Paula Radcliffe says her children have been affected after the marathon world record holder was "effectively implicated" in doping allegations.
Radcliffe, 41, has not been specifically named but says questions raised at a parliamentary select committee link her to the claims.
She has defended three 'abnormal' blood results after her data was made public.
"When your little girl is in tears, that's been the hardest part," Radcliffe told the BBC.
"Luckily Raphael (five) is young enough that he doesn't understand. But Isla (eight) clearly very much understands.
"In all of this, as I have been trying to clear my name against an attack that should have never have taken place, they are the ones who have missed out."
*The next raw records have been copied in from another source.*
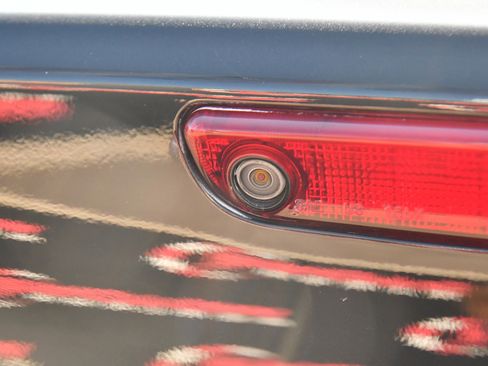 Used 2022 Chrysler 300 Touring w/ Sport Appearance Package image 36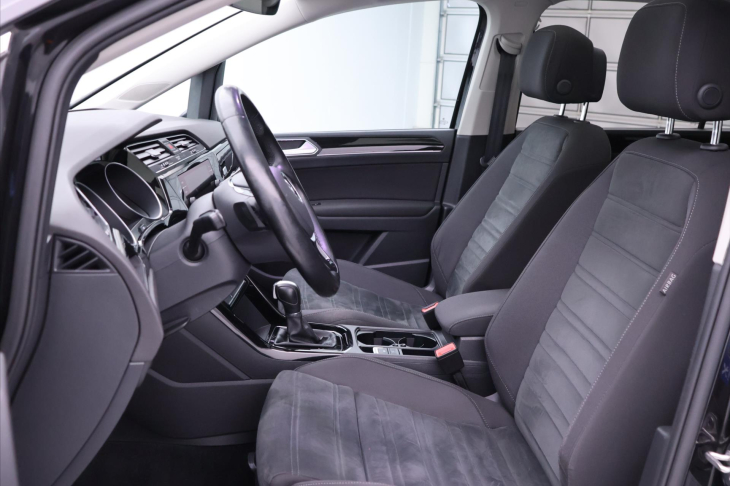 Volkswagen Touran 1,8 TSI DSG R-line LED Panorama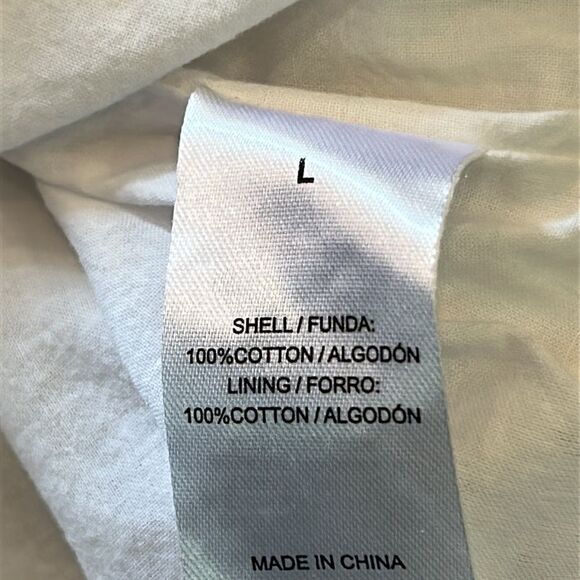 Draper James Eyelet Top Medium White Short Puff Sleeve V-Neck large - Picture 3 of 5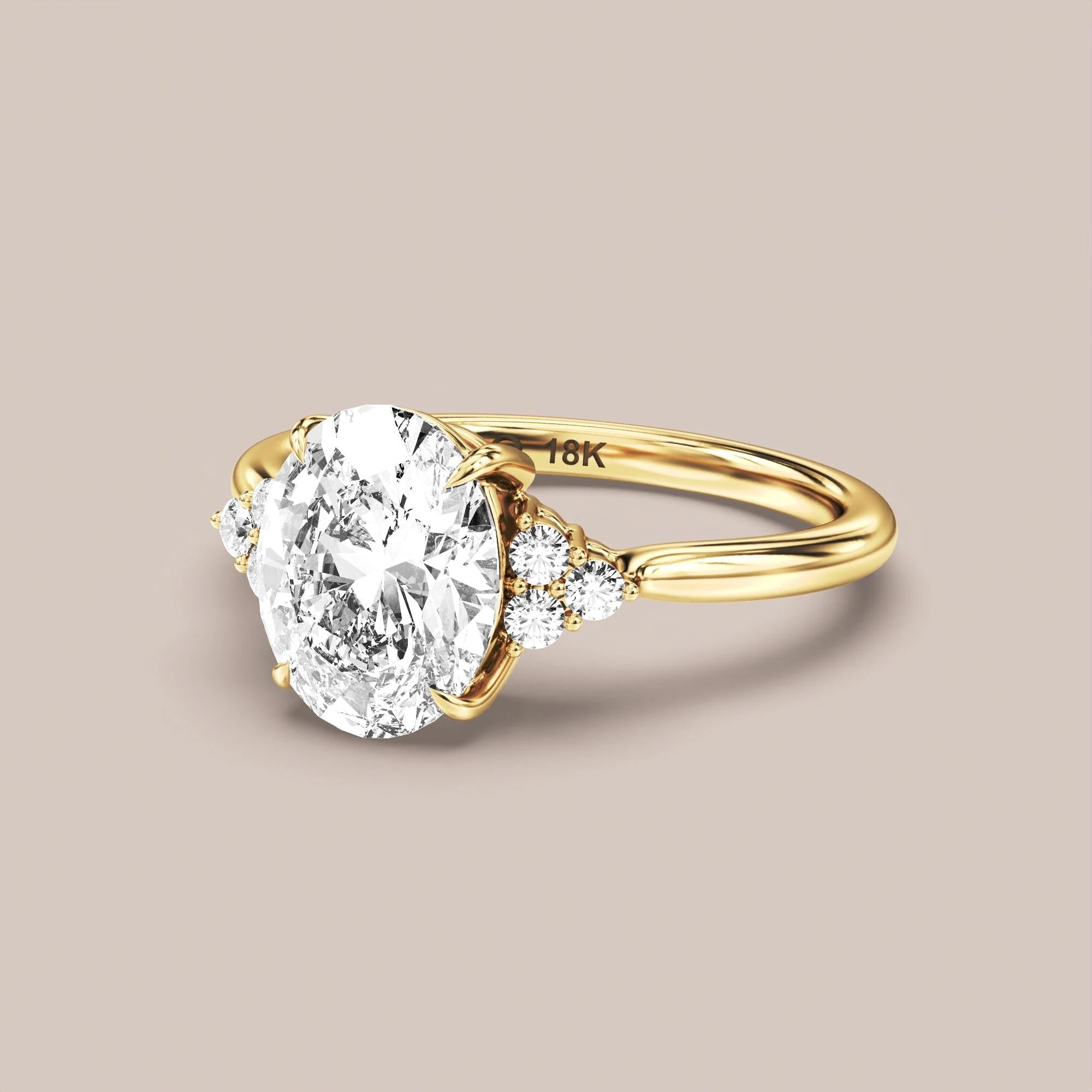Oval - Yellow gold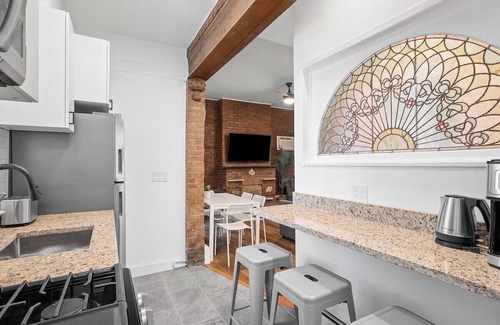 Shadyside Appartement | Shadyside/Pittsburgh, Modern & Accessible 2 Bedroom with Free Parking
At a hearing that followed a Sunday Times investigation, MP Jesse Norman suggested London Marathon winners and medallists and "potentially British athletes" were under suspicion.
Radcliffe is a three-time London Marathon winner and the only British athlete since 1996 to triumph at the event - though Norman later tweeted that he had not made any allegation against individual athletes.
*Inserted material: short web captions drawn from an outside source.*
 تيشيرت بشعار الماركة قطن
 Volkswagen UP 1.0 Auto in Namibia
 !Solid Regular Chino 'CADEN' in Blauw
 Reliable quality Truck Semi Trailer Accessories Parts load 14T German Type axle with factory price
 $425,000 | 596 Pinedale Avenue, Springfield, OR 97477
Radcliffe has "categorically" denied any form of cheating.
Speaking at the Great City Games, she said she felt the allegations were diverting attention away from finding athletes who are currently doping.
"Let's not forget that right now the people who are cheating out there are laughing at the whole situation," she said.
"While we argue and talk, we're not doing what we should be doing in terms of moving the sport forward."